My thanks to Charles Medawar of Social Audit for this summing up:

In the immediate future, there is potential for progress on three main fronts – none politically attractive, though all central to the future health and reputation of pharmaceutical medicine.

First, we need urgently to examine the meaning of personal responsibility in corporate settings: specifically, the General Medical Council (GMC) should now investigate and rule on the conduct of Dr Alastair Benbow. Both would in some way be on trial. The GMC is a professional court with feudal if honourable traditions, with still some way to catch up with the climate of the late 20th century. As for Dr. Benbow, he seemed so sincere in his advocacy for the drug, so replete with reassurance, that his position must now be clarified. Did he critically review the relevant scientific evidence before making these claims? Was he a leader in some cynical process, or kept well ignorant and brilliantly coached in his denials? The latter seems much more probable, but we need to know for sure. Are these horrible and damaging drug disasters driven by knaves, fools, or victims – or some, none or all of the above? The GMC must now rise to the occasion: we need some definitive view.

Secondly, what of the proposed prosecution of GlaxoSmithKline by the UK authorities (led by the Medicines and Healthcare products Regulatory Agency)? In the USA, civil actions will progress later this year, seeking to link the now damning factual evidence with tragic human consequences. But in Britain, are we now due for a replay of Prime Minister Blair’s recent decision to abort the bribery investigation into British Aerospace (BAE), on the grounds of national interest and security? What is the MHRA up to? Their last word (7 April 2006) was this: “The conduct of the investigation required the Enforcement Division of the MHRA to consider over a million pages of scientific and other documentation which comprised the factual background to the case. A team of medics and scientists from across the MHRA assisted with this. The process of considering documents is now completed and documents are only reviewed now if they come to light as new evidence. Potential witnesses from inside the MHRA have been interviewed and notes have been taken from them, from which statements will be drafted. These statements seek to convert the findings of the review of the scientific and regulatory documentation in to evidence suitable for the conduct of a criminal trial, if appropriate … once the criminal investigation has been concluded a file will be forwarded to prosecuting lawyers within the legal department of the Department of Health. They will apply the Code for Crown Prosecutors to decide whether or not there will be a prosecution.”

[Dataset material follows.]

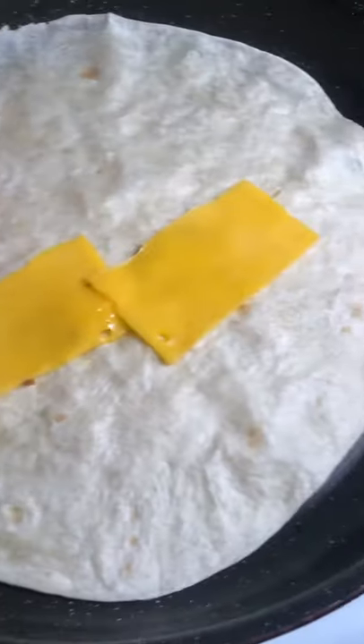I always heat the tortilla on both sides under a low heat, melting cheese on the flip.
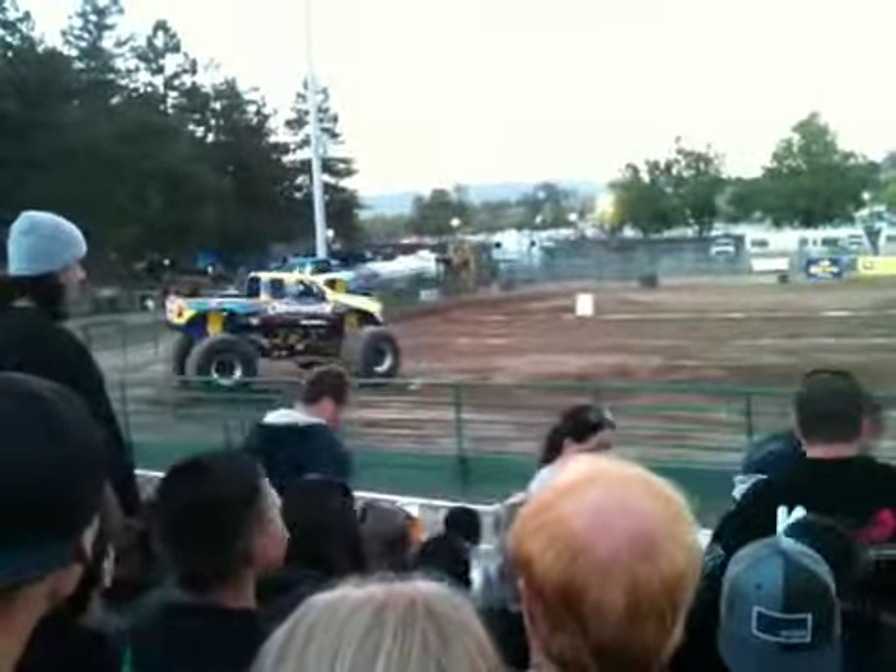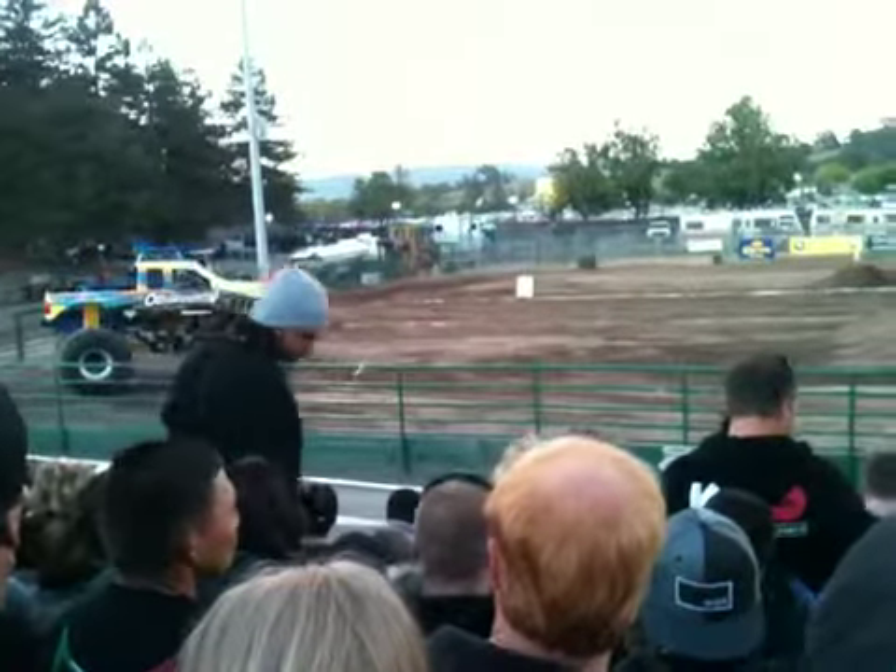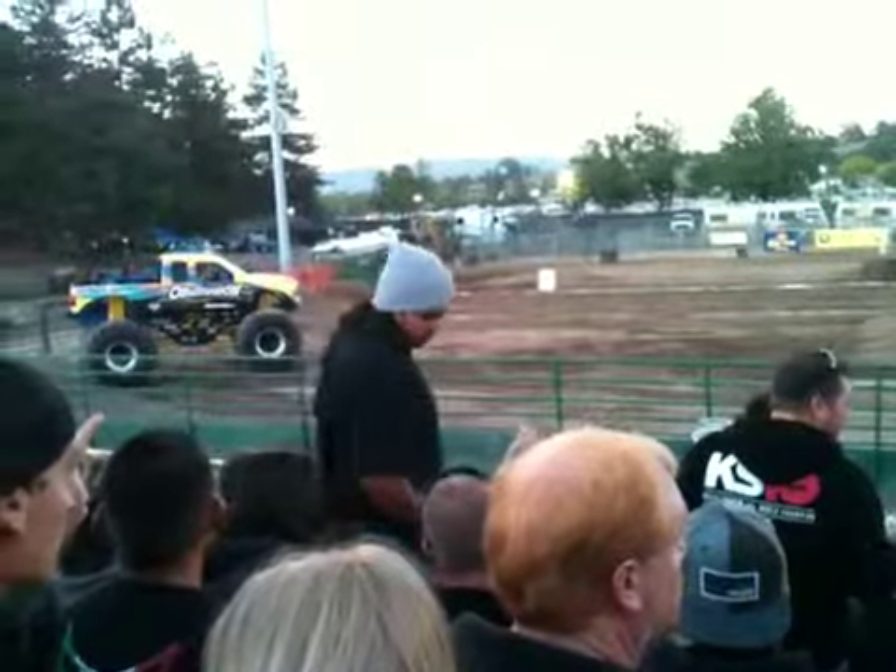Alright, here's the top of the marathon. Let's go. One, two, three.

Thirdly, we urgently need some proper enquiry into the conduct and effectiveness of the UK drug regulators themselves – the Medicines and Healthcare products Regulatory Agency (MHRA) – in line with the 2005 recommendations of the Parliamentary Health Committee, in its report on ‘The Influence of the Pharmaceutical Industry’. The evidence from this and earlier Panorama programmes hugely underlines the importance of this main recommendation: “During this long inquiry we became aware of serious weaknesses in the MHRA. Worryingly, in both its written and oral evidence the Agency seemed oblivious to the critical views of outsiders and unable to accept that it had any obvious shortcomings, except those that could be remedied by more transparency. The Agency’s attitude to its public health responsibilities suggested some complacency and a lack of requisite competency, reducing our confidence in its ability to undertake the reforms needed to earn and deserve public trust. Nor did we conclude that the MHRA provides the discipline and leadership that this powerful industry needs. We recommend that there be an independent review of the MHRA …”

Oh yes – and we also go to the High Court taking Glaxo with us.